There were several important reports on the U.S. economy released this morning. First, data from the Bureau of Labor Statistics (BLS) showed that wholesale inflation pressures in America firmed last month, as the producer price index for final demand (PPI-FD) rose by 0.4 percent. That was the largest monthly gain since June and twice the increase economists had expected. Cheaper energy costs were largely offset by a jump in food prices last month, which is why “core” PPI-FD also rose by 0.4 percent in November. Regardless, both headline and core measures of wholesale inflation have been trending upward this year, and their annual rates of growth are now near the highest levels of the recovery. With price pressures rising in the production pipeline, it is likely that the higher costs will eventually be passed on to consumers. Moreover, the measure of healthcare services costs rose by 0.2 percent last month and is now up 1.7 percent on a year-over-year basis. This particular PPI component is worth paying attention to because it is used in the measure of overall U.S. inflation preferred by the Federal Reserve, i.e. the Personal Consumption Expenditures (PCE) core price index, due out next week.

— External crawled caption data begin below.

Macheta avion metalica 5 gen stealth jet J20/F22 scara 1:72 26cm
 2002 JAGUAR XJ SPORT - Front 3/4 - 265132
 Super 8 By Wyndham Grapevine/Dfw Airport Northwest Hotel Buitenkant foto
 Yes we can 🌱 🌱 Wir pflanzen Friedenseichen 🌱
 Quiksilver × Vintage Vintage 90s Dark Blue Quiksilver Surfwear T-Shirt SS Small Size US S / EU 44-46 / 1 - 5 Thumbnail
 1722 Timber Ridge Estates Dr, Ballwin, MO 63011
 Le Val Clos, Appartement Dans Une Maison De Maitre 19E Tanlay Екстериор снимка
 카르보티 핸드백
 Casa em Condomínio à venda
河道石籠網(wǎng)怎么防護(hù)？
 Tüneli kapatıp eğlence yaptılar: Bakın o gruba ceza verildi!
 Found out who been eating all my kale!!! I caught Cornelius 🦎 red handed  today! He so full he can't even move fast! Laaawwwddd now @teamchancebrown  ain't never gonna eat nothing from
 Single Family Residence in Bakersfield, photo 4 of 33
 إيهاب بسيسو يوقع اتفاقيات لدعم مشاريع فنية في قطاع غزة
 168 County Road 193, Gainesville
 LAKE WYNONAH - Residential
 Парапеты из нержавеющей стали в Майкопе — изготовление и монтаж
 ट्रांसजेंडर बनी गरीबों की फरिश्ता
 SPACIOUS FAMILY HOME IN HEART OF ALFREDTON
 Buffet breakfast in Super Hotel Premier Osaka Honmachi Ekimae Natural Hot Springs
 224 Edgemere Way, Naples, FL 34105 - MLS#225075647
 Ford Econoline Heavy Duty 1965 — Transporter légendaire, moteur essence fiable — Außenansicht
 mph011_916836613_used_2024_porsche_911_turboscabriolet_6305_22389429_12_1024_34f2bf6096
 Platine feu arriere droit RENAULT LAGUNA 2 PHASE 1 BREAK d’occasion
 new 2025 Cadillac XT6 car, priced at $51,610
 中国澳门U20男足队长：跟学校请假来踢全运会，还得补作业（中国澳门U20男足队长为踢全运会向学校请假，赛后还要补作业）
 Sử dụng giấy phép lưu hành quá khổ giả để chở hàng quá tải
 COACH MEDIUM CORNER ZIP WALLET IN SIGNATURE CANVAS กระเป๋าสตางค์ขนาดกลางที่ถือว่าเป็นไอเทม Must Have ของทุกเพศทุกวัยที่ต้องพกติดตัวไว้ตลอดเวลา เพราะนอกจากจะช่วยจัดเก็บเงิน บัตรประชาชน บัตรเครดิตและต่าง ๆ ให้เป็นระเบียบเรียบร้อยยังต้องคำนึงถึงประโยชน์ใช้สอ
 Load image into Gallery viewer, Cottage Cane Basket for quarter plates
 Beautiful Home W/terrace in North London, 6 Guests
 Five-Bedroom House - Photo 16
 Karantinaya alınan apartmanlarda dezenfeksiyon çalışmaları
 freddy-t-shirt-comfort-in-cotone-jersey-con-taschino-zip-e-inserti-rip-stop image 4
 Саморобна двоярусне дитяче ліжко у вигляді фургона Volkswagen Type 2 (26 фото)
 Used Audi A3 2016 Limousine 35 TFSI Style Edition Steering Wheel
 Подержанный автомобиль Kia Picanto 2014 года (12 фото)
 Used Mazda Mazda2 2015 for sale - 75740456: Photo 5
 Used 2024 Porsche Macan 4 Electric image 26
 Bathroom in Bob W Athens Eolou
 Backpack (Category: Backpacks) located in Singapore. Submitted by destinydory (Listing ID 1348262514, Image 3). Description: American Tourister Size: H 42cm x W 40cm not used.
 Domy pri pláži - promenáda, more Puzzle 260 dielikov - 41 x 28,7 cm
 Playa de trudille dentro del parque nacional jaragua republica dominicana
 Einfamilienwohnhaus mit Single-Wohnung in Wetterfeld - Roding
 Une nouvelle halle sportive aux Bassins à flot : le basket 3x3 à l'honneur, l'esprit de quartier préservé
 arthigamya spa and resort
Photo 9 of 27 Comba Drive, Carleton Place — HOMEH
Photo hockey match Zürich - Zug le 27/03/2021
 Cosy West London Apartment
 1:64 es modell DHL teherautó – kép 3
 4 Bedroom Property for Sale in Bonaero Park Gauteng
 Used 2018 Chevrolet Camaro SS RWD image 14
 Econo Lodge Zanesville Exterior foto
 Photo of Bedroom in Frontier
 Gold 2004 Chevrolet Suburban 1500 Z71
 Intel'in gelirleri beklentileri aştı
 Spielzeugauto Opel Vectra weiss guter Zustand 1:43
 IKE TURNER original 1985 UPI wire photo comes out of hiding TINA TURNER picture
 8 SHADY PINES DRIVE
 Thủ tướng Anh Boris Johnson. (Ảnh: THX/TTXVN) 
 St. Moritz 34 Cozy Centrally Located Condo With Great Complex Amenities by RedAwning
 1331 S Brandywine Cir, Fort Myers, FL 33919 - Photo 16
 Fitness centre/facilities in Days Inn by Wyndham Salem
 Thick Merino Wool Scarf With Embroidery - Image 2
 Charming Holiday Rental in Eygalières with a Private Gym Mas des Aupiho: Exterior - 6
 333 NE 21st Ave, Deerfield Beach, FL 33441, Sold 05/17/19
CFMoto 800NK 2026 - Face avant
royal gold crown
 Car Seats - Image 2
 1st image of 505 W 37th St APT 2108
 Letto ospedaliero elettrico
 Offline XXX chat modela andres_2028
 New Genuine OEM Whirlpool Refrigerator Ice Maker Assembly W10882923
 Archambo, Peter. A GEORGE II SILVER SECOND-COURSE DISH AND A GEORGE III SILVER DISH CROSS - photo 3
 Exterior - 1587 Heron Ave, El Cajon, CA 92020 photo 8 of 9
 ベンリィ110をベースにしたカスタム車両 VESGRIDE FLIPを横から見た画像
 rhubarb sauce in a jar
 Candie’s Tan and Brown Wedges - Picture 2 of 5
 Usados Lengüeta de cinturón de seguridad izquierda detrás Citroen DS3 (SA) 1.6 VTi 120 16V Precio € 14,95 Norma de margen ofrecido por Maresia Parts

Next, a report from the U.S. Census Bureau showed that advance estimates of retail and food services sales for November totaled $465.5 billion. That was a 0.1 percent increase from October’s downward-revised print and a much smaller gain than anticipated. A 0.5 percent drop in motor vehicle sales weighed heavily on the headline index last month but even retail sales excluding the volatile autos and gasoline components rose by less than expected (0.2 percent) in November. There was a solid gain in furniture and home furnishing sales, perhaps related to the recent positive data out of the housing market. However, department store and sporting goods sales were weak last month, especially considering the sharp uptick in consumer sentiment seen after the election. Even growth in the nonstore retail arena, e.g. Amazon, moderated last month, although shoppers’ mounting preference for online commerce remains undeniable. Overall, though, this was a disappointing report, which should cause analysts to lower their estimates for fourth quarter U.S. gross domestic product (GDP) growth. What is worse is that retail sales could face additional headwinds going forward if wage growth does not accelerate.
Elsewhere, data from the Federal Reserve Board of Governors showed that industrial activity in America slowed last month, with total production declining by 0.4 percent. That was even worse than the 0.2 percent drop economists had anticipated but October’s gain was revised slightly higher. Under the hood, most measures of production deteriorated last month, with utilities again being a notable weak spot due to the unusually warm winter (less heating demand). More importantly, overall U.S. industrial activity on a year-over-year basis has now declined for the 15th month in a row, a pattern rarely seen outside of a recession. Manufacturing, which makes up roughly 75 percent of all industrial production, fell by 0.1 percent in November, and capacity utilization, sometimes used as a leading indicator of inflation and potential output, slid to 75.0 percent last month, the weakest reading since March and well below the long-term average.